At this point, the way is prepared for a return to the Sunday Gospel reading and the elucidation of its meaning. In addition, the librettist includes a verse from Psalm 88, a prayer when facing a serious challenge and grave, life-threatening danger: “Herr, ich rufe dich an täglich; ich breite meine Hände aus zu dir. Wirst du denn unter den Toten wunder tun, oder werden die Verstorbenen aufstehen und dir danken?” (9–10; Lord, I call upon you daily; I stretch out my hands to you. Will you then perform miracles among the dead, or will the deceased arise and thank you?). The second recitative of our cantata relates both Gospel reading and psalm verse to Jesus in equal measure:
Hier aber tut des Heilands Hand
Auch unter denen Toten Wunder.
Scheint deine Seele gleich erstorben,
Der Leib geschwächt und ganz verdorben,
Doch wird uns Jesu Kraft bekannt:
Er weiß im geistlich Schwachen
Den Leib gesund, die Seele stark zu machen.
But here the savior’s hand
Works wonders even among the dead.
If your soul seems to have died,
The body weakened and quite ruined,
Yet Jesus’s power is made known to us:
In the spiritually weak he knows how
To make the body healthy, the soul strong.
The aria that follows begins with the text “Vergibt mir Jesus meine Sünden, / So wird mir Leib und Seel gesund” (Forgive me, Jesus, my sins / That my body and soul may be healed). The final strophe of the 1620 chorale Herr Jesu Christ, ich schrei zu dir (Lord Jesus Christ, I cry out to you) completes the cantata’s conceptual course.
In Bach’s composition, the eloquent lament of the New Testament dictum takes on an unusual, indeed singular form. Embedded in an instrumental texture in which sorrowful sigh motives predominate, the voices go on in seemingly endless invocations, first in alternating two- and four-part textures and ultimately in four parts exclusively. Imitative writing and canonic structures are found everywhere; they illuminate the universal meaning and relevance of the lamenting question. These musical events are commented upon by a chorale melody performed line by line by instruments. The sixteenth-century melody Wenn mein Stündlein vorhanden ist (When my little hour [the moment of death] is at hand) is performed by trumpets and imitated at the interval of the lower fourth by the oboes. Consequently, the overall form of the opening movement can be designated as a chorale arrangement. More significant than this rather outward aspect, however, is the effect of multitextuality created by the instrumental quotation of the chorale. The “Ich elender Mensch, wer wird mich erlösen?” from Romans is combined with a text brought to mind by the chorale melody, whether it be the ancient funeral hymn Wenn mein Stündlein vorhanden ist or Herr Jesu Christ, ich schrei zu dir, found among Kreuz- und Trostlieder (Hymns of the cross and consolation), whose last strophe concludes the cantata libretto.
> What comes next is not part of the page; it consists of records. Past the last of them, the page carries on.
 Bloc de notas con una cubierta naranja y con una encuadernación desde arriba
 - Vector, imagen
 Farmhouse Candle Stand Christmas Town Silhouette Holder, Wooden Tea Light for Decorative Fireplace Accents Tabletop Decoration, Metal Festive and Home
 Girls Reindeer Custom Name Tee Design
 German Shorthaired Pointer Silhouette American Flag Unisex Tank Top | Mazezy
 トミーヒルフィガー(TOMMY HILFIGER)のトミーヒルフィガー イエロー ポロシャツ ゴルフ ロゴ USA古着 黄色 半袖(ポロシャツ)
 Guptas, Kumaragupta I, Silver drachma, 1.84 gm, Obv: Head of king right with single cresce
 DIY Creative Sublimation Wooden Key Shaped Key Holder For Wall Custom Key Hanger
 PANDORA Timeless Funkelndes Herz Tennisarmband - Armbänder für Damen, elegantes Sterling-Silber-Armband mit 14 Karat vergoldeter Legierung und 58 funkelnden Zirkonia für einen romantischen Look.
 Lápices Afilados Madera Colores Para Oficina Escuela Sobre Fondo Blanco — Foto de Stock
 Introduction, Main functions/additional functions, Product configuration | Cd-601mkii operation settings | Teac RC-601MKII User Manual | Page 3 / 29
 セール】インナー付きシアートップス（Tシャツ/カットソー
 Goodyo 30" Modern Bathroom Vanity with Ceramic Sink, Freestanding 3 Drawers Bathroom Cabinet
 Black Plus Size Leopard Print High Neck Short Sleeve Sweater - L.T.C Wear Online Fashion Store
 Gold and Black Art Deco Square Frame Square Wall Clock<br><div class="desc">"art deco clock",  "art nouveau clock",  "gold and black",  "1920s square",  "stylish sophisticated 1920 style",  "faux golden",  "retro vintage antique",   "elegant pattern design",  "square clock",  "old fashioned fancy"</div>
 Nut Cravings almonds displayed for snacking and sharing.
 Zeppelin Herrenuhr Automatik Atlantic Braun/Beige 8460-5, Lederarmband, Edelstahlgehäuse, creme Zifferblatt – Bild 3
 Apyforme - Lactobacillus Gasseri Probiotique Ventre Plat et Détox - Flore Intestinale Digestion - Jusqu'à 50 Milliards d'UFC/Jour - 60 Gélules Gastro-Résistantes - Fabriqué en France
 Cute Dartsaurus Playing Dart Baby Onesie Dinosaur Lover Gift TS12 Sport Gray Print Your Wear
The first recitative seems chromatically burdened, as does the four-part chorale that follows it. The alto aria is unexpectedly cheerful; it is not easy to associate this musically accentuated course with the metaphor of “Sodom der sündlichen Glieder” (Sodom of my sinful limbs). On the other hand, the connection between text and music is much more successful and convincing in the second aria, in which the tenor is joined by the string instruments together with both oboes. Dance-like elements are incorporated in this movement as well, together with a metric puzzle in which the
4 meter frequently alternates with
2 .
The four-part closing chorale does not simply form the end of this singular work; it also builds a bridge back to the opening movement and recalls the importance of the chorale quotation there, intensified by canonic techniques.